The following robots.txt file tells Baiduspider (baidu.com), 360Spider (so.com), Yisouspider (sm.cn), PetalBot (Huawei), Bytespider (bytedance.com), Sogou spiders (sogou.com) not to crawl the entire website.

User-agent: Baiduspider
User-agent: 360Spider
User-agent: Yisouspider
User-agent: PetalBot
User-agent: Bytespider
User-agent: Sogou web spider
User-agent: Sogou inst spider
Disallow: /

However, I still see Bytespider and Sogou web spider/4.0 from nginx access logs.
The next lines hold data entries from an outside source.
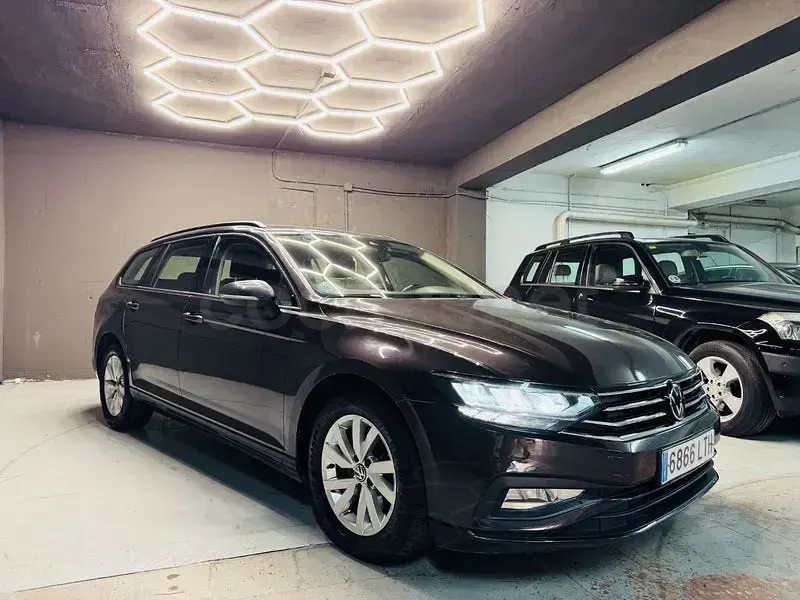 Usado VW Passat Business 122 CV (89 kW) 2022 Gris / plata Familiar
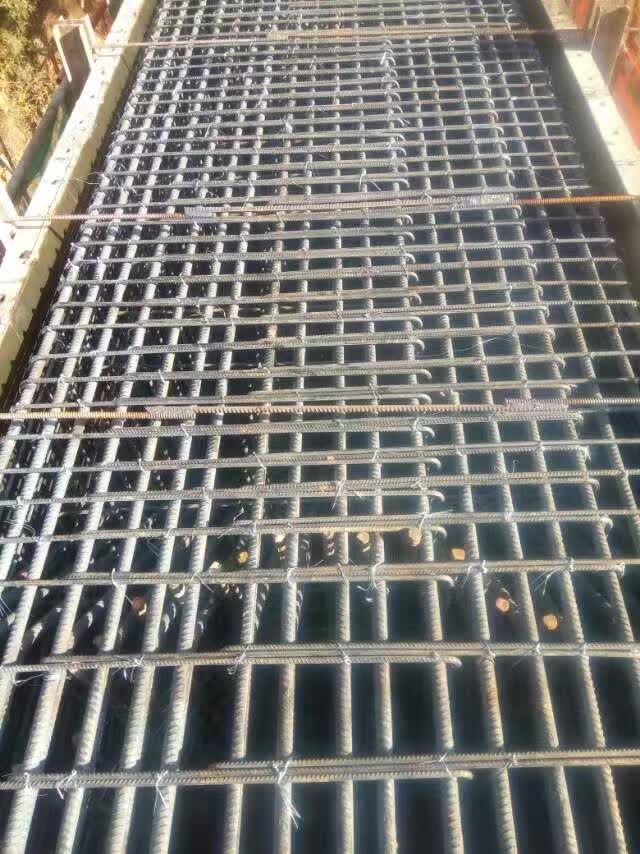 文章附图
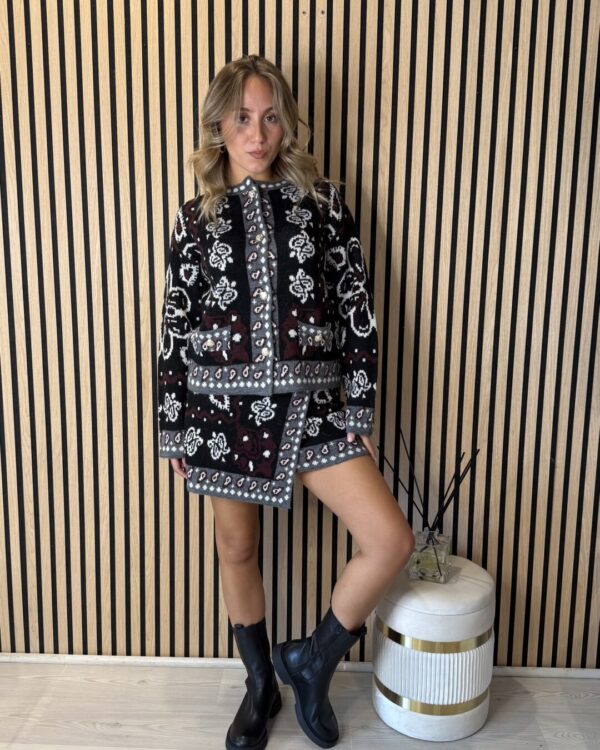 Giacca / Cardigan MOTEL con bottoni gioiello in maglia nero, panna & bordeaux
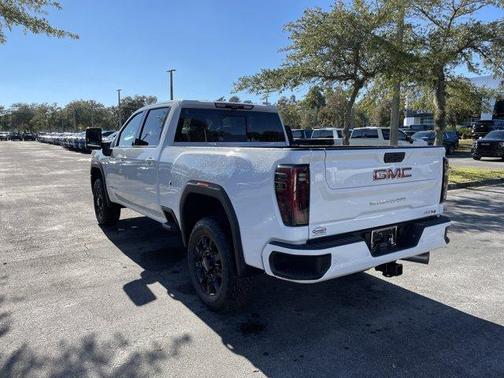 2026 GMC Sierra 2500 AT4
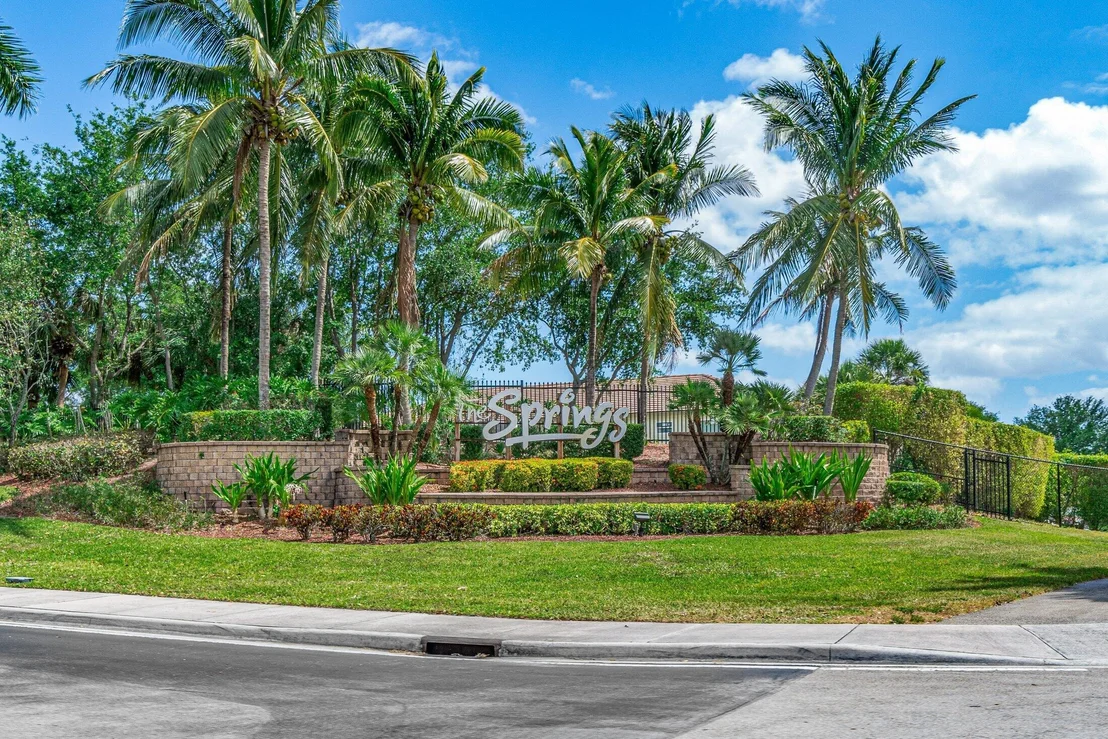 Photo of 6188 Spring Isles Boulevard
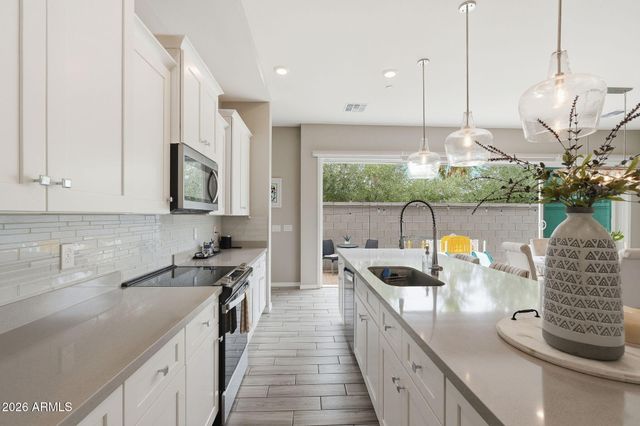 1516 E MEGAN Street, Gilbert, AZ 85295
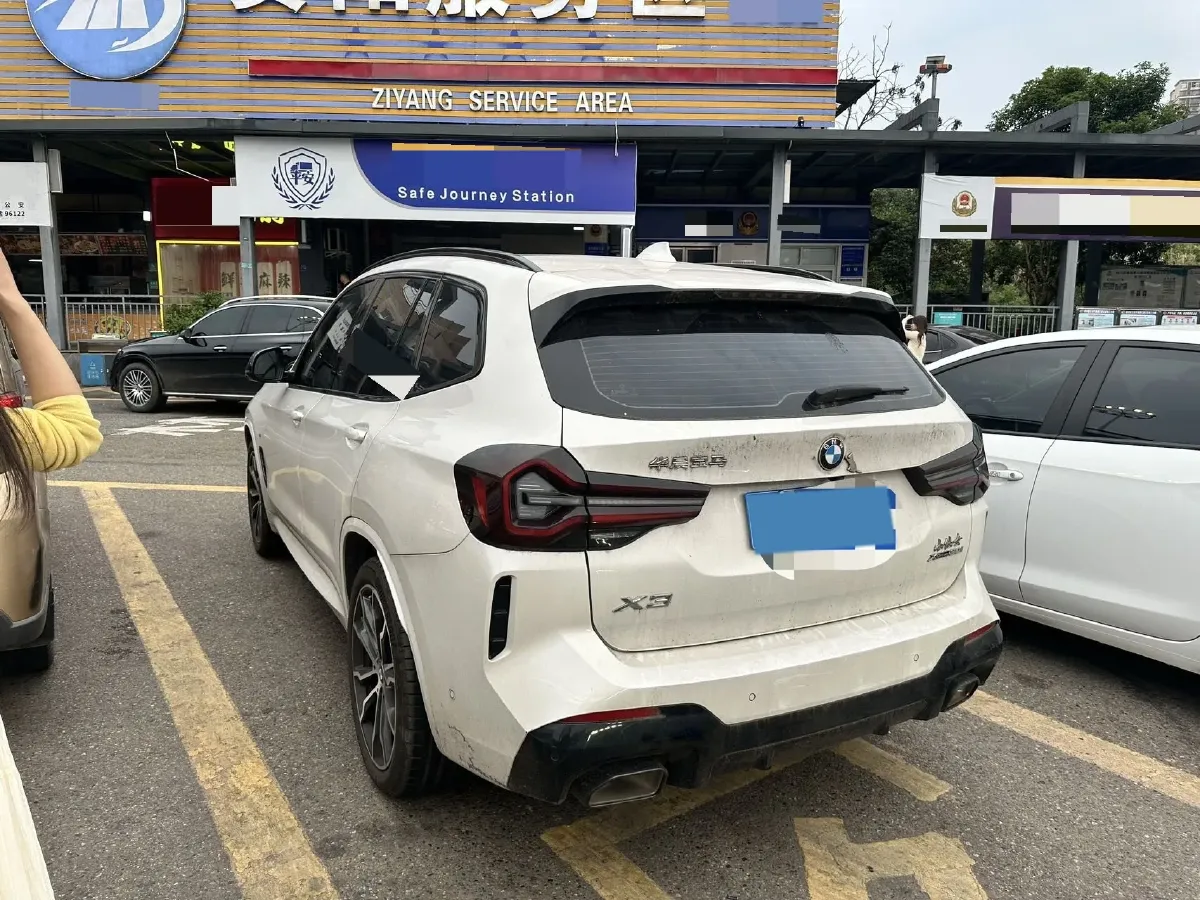 2023 BMW X3 2.0T 245HP L4 8AT,autocango,china used car exporter,china ev exporter,chinese used car exporter,chinese used ev exporter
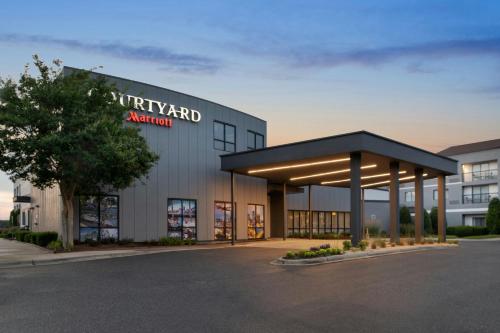 Courtyard Charlotte Airport North - Best Hotels with Airport Shuttle Service in Charlotte, NC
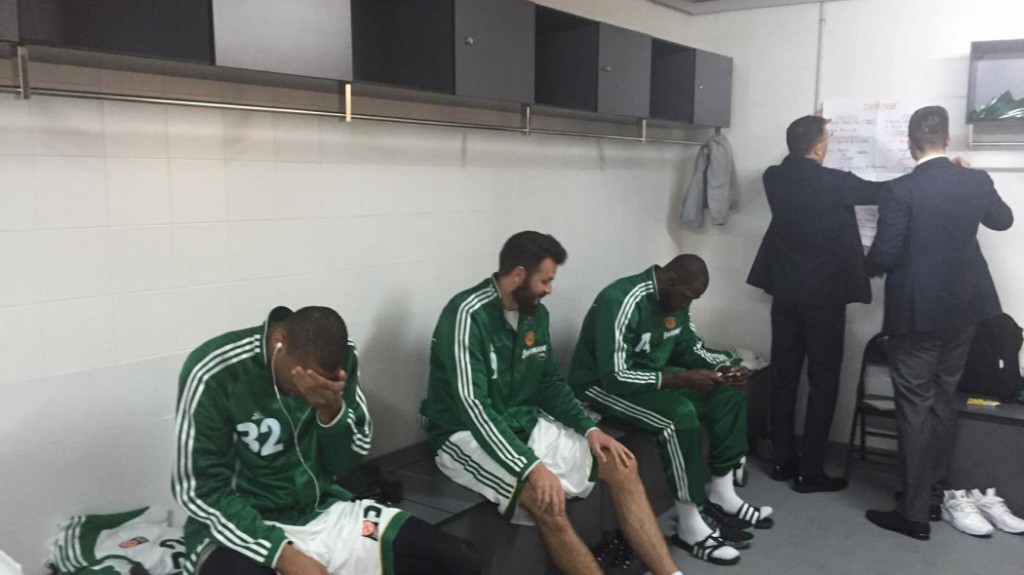 Στα αποδυτήρια πριν το τζάμπολ ο Δημήτρης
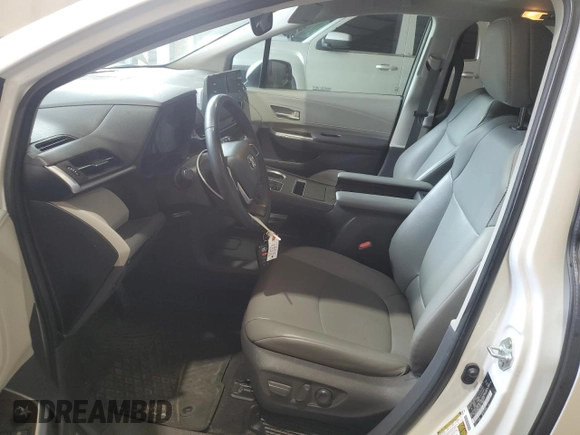 2021 Toyota Sienna XLE with VIN 5TDYRKEC0MS041223, listed as a Copart auction lot 55113465 with 97,670 mi miles and Clean Title. Bid and sale history available at DreamBid. Image 7.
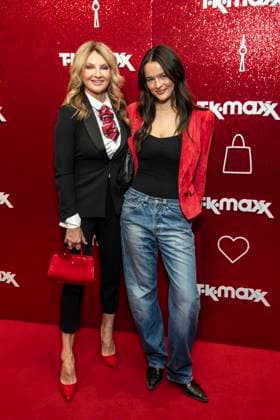 ABB TKMAXX- Frauke Ludowig und Nele Ludowig Roeffen Mutter tochter zu Gast auf dem roten Teppich bei der Neueroeffnung der TK Maxx Filiale am Alexanderplatz am 24.09.2026 in Berlin Berlin Deutschland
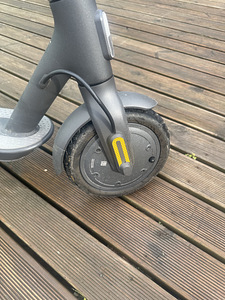 Xiaomi Mi Electric Scooter 3 elektritõukeratas (5 foto / 7)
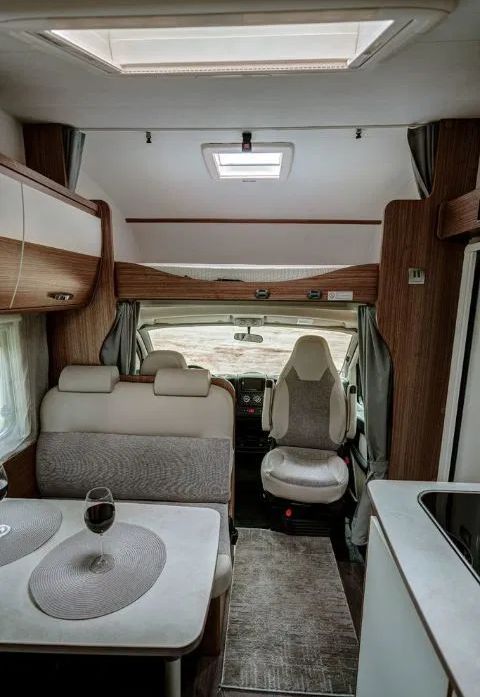 Wynajem Kampera/Kamper 6 osobowy kampery.elblag.pl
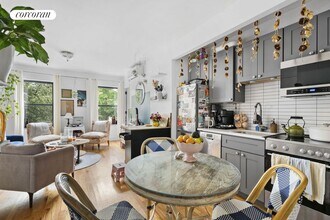 81 Clermont Ave in Brooklyn, NY - Building Photo - Building Photo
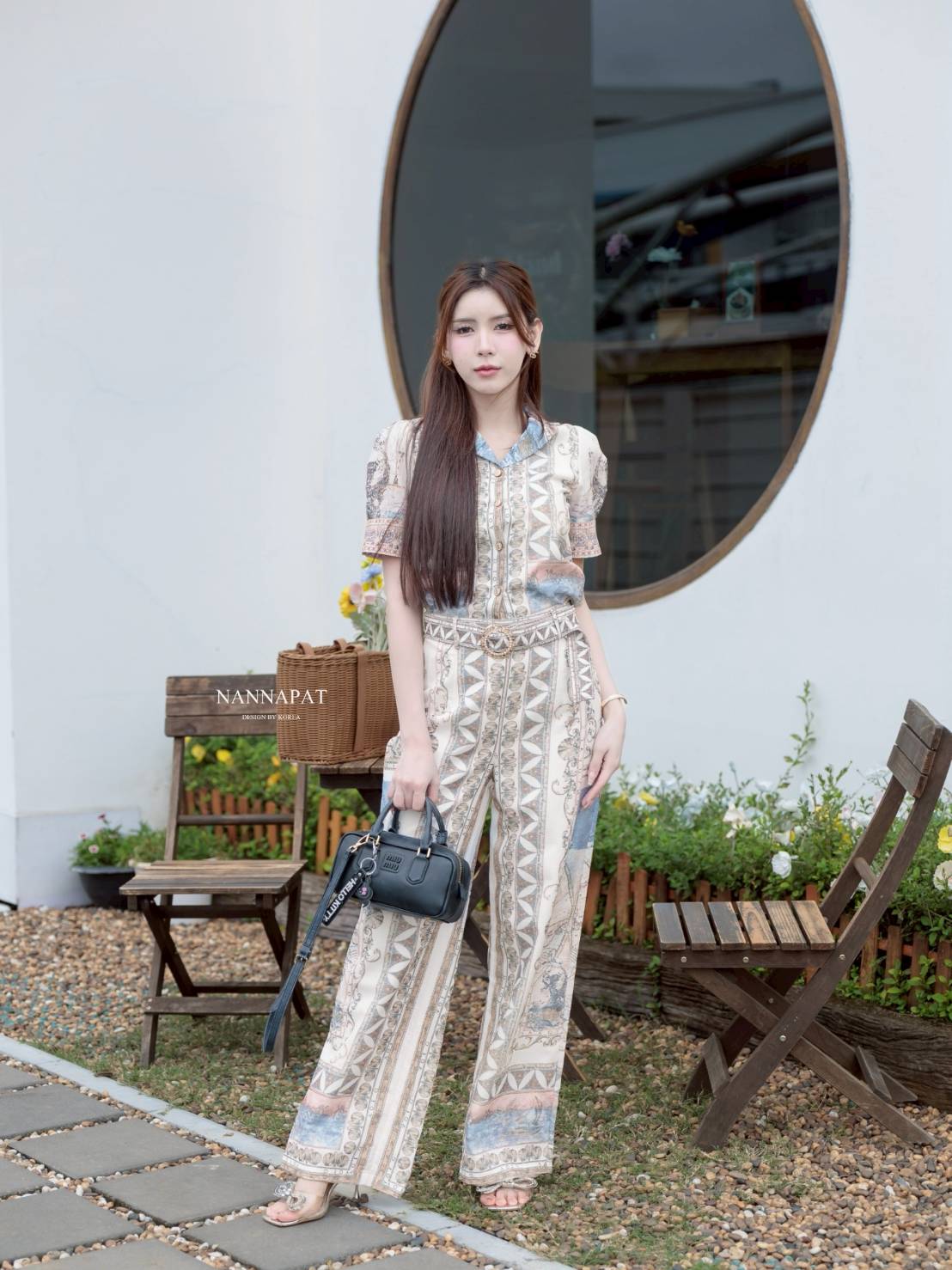 ชุดเซท ป้าย NANNAPAT (NP) 🎗️ CONCEPT ::เสื้อ+กางเกง งานพิมพ์ลายกราฟฟิกสวย
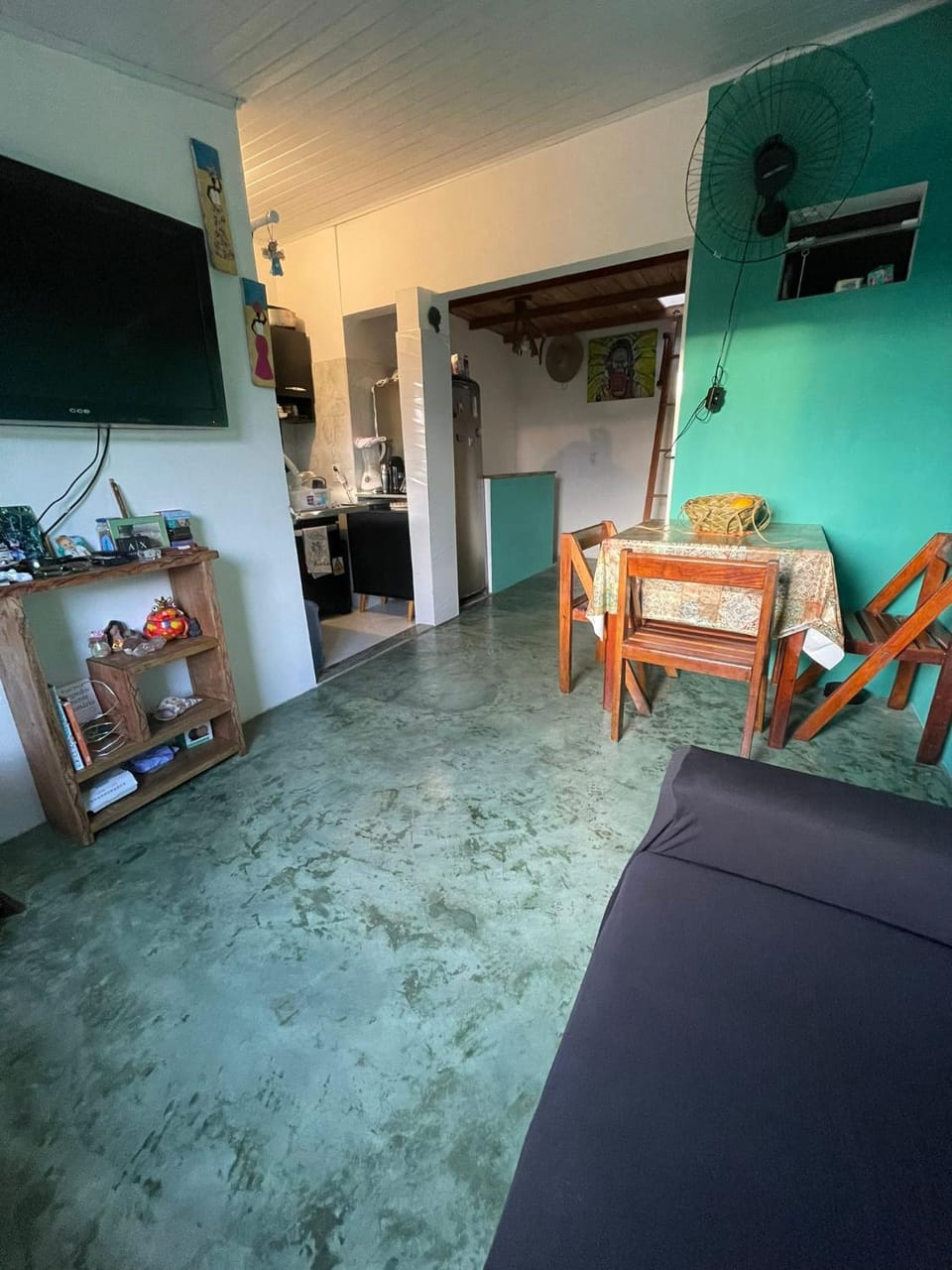Communal lounge/ TV room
It seems Bytespider and Sogou spiders are not fully compatible with robots exclusion standard. These crawlers magically disappeared one week after I created a separate block for each user agent in robots.txt.

User-agent: Baiduspider
User-agent: 360Spider
User-agent: Yisouspider
User-agent: PetalBot
Disallow: /

User-agent: Bytespider
Disallow: /

User-agent: Sogou web spider
Disallow: /

User-agent: Sogou inst spider
Disallow: /

How to verify bots by reverse DNS lookup

Search Engine User Agent Reverse DNS Lookup
Baidu Baiduspider baiduspider-*-*-*-*.crawl.baidu.com.
Sogou Sogou web spider sogouspider-*-*-*-*.crawl.sogou.com
Byte Dance Bytespider bytespider-*-*-*-*.crawl.bytedance.com
Shenma Yisouspider shenmaspider-*-*-*-*.crawl.sm.cn
Huawei PetalBot petalbot-*-*-*-*.aspiegel.com
LINE (Naver) Linespider crawl.*-*-*-*.search.line-apps.com
Naver Yeti crawl.*-*-*-*.web.naver.com
Cốc Cốc coccocbot bot-*-*-*-*.coccoc.com
Qwant Qwantify qwantbot-*-*-*-*.qwant.com
Apple Applebot *-*-*-*.applebot.apple.com
Twitter Twitterbot r-*-*-*-*.twttr.com
Facebook facebookexternalhit fwdproxy-*-*.fbsv.net